US: 1-844-696-6465        India: +91 77600 44484        help@dezyre.com

Getting to Know Hadoop 3.0 -Features and Enhancements

Hadoop was first made publicly available as an open source in 2011, since then it has undergone major changes in three different versions. Apache Hadoop 3 is round the corner with members of the Hadoop community at Apache Software Foundation still testing it. The major release of Hadoop 3.x is anticipated to be rolled out sometime mid of 2017. What else can be more exciting for the big data community than waiting for the release of a major new version of the tiny toy elephant? Considering the scope of the novel features and enhancements Apache Hadoop 3.0 will bring in with thousands of new bug fixes, features and enhancements over Hadoop 2.0; it’s time to get a sneak peek into the major new features poised to boost its enterprise adoption by making it more powerful, flexible and resource-aware.

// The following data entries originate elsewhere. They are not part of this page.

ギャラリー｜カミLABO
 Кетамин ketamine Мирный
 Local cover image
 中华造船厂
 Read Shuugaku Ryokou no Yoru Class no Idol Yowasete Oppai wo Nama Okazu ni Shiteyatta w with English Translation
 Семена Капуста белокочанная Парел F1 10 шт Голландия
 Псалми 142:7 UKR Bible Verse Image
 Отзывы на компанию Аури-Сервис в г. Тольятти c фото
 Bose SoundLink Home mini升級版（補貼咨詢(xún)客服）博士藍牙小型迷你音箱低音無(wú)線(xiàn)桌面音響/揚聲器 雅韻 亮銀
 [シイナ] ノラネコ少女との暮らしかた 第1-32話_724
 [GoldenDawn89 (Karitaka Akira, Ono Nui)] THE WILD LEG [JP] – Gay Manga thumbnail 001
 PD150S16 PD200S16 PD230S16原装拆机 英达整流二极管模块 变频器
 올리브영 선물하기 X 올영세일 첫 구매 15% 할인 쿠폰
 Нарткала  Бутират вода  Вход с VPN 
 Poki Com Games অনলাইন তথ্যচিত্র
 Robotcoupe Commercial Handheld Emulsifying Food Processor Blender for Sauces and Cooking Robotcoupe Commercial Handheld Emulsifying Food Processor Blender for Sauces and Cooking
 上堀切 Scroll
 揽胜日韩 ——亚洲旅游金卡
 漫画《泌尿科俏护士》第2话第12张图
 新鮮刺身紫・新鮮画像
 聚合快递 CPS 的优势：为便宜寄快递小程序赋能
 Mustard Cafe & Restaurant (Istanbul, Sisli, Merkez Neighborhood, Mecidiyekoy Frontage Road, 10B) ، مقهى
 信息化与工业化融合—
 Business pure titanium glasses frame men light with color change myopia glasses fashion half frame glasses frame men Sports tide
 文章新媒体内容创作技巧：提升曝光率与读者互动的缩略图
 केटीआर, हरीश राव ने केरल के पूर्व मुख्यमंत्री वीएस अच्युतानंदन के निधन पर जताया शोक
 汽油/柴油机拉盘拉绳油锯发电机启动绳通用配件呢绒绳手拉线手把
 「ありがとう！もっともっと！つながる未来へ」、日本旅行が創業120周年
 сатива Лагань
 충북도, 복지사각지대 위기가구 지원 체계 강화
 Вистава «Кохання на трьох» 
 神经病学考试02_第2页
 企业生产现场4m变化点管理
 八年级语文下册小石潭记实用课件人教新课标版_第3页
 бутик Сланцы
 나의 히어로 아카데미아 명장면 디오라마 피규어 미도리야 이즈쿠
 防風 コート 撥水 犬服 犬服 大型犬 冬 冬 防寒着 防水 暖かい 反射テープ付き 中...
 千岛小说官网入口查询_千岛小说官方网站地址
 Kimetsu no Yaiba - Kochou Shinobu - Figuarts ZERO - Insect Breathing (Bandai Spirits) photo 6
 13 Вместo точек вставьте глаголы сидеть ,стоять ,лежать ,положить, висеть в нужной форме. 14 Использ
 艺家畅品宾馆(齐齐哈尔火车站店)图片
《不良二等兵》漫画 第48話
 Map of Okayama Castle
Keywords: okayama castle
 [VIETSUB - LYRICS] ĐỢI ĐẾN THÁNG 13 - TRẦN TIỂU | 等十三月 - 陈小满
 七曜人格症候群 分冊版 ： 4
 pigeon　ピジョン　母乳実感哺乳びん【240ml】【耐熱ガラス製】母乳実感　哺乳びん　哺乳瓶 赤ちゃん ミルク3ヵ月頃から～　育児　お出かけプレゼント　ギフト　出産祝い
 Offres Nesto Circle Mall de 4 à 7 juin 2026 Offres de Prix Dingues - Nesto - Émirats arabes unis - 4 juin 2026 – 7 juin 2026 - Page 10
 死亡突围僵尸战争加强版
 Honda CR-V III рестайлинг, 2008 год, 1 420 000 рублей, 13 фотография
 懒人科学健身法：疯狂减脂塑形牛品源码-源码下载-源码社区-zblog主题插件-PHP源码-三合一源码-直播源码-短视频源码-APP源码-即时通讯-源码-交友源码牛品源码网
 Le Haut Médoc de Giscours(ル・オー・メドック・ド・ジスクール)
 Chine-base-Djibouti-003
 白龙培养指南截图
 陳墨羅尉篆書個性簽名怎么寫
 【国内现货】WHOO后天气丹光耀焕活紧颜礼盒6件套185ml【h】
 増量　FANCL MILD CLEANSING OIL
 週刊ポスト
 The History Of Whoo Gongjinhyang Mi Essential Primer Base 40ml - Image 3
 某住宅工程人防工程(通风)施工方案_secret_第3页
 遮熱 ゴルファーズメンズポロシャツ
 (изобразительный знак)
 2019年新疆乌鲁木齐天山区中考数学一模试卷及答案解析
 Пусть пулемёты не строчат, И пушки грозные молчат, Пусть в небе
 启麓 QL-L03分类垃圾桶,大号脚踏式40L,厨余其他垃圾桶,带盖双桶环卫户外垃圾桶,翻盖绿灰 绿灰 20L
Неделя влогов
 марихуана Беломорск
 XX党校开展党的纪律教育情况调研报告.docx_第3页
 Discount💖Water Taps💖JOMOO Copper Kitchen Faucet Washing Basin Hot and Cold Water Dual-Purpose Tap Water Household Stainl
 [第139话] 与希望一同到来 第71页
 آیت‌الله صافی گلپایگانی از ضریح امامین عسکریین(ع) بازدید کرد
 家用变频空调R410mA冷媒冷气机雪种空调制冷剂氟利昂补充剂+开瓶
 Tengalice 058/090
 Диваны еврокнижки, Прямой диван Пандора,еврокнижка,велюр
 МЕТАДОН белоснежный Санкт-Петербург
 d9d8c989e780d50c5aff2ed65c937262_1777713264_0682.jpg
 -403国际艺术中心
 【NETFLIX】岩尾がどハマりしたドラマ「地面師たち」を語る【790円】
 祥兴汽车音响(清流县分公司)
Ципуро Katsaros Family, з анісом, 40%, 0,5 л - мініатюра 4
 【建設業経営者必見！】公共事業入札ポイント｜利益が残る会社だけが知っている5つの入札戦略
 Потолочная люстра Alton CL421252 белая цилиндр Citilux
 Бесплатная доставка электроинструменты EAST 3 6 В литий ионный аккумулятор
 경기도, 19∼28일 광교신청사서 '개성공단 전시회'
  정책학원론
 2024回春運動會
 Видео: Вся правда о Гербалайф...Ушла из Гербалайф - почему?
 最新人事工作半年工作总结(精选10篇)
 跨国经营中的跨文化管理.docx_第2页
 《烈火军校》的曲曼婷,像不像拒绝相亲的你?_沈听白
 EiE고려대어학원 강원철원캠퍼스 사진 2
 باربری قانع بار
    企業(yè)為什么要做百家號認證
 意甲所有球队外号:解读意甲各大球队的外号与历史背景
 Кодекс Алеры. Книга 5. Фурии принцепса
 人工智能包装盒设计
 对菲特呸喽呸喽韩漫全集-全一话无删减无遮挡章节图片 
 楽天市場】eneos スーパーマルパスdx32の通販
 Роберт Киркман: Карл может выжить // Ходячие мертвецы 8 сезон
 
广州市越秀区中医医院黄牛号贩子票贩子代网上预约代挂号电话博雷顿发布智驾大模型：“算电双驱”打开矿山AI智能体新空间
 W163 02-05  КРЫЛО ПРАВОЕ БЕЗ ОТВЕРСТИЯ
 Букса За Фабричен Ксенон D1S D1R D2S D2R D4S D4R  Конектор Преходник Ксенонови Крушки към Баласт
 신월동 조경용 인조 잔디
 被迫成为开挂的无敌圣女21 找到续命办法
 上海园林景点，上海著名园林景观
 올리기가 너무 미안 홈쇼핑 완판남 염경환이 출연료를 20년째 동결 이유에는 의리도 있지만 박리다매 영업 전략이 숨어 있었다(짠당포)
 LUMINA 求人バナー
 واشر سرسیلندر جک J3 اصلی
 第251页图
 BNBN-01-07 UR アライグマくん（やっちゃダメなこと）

In this blog, we will see the novel features that make Hadoop 3.0 better than its predecessors Hadoop 2 and Hadoop 1.

Hadoop 3.x

Why Hadoop 3.0?

  • With Java 7 attaining end of life in 2015, there was a need to revise the minimum runtime version to Java 8 with a new Hadoop release so that the new release is supported by Oracle with security fixes and also  will allow hadoop to upgrade its dependencies to modern versions.
  • With Hadoop 2.0 shell scripts were difficult to understand as hadoop developers had to read almost all the shell scripts to understand what is the correct environment variable to set an option and how to set it whether it is java.library.path or java classpath or GC options.
  • With support for only 2 NameNodes, Hadoop 2 did not provide maximum level of fault tolerance but with the release of Hadoop 3.x there will be additional fault tolerance as it offers multiple NameNodes.
  • Replication is a costly affair in Hadoop 2 as it follows a 3x replication scheme leading to 200% additional storage space and resource overhead. Hadoop 3.0 will incorporate Erasure Coding in place of replication consuming comparatively less storage space whilst providing same level of fault tolerance.

Hadoop Online Course

If you would like more information about Big Data and Hadoop Training, please click the orange "Request Info" button on top of this page.

What’s New in Hadoop 3.0?

i)   Minimum Runtime Version for Hadoop 3.0 is JDK 8

With Oracle JDK 7 coming to its end of life in 2015, in Hadoop 3.0 JAR files are compiled to run on JDK 8 version. This gives Hadoop 3.0 a dependency upgrade to modern versions as most of the libraries only support Java 8 .As a hadoop user, if you are still working with lower version of JDK then it is time to upgrade to JDK 8 to make the most of the enhancements coming in Hadoop 3.0.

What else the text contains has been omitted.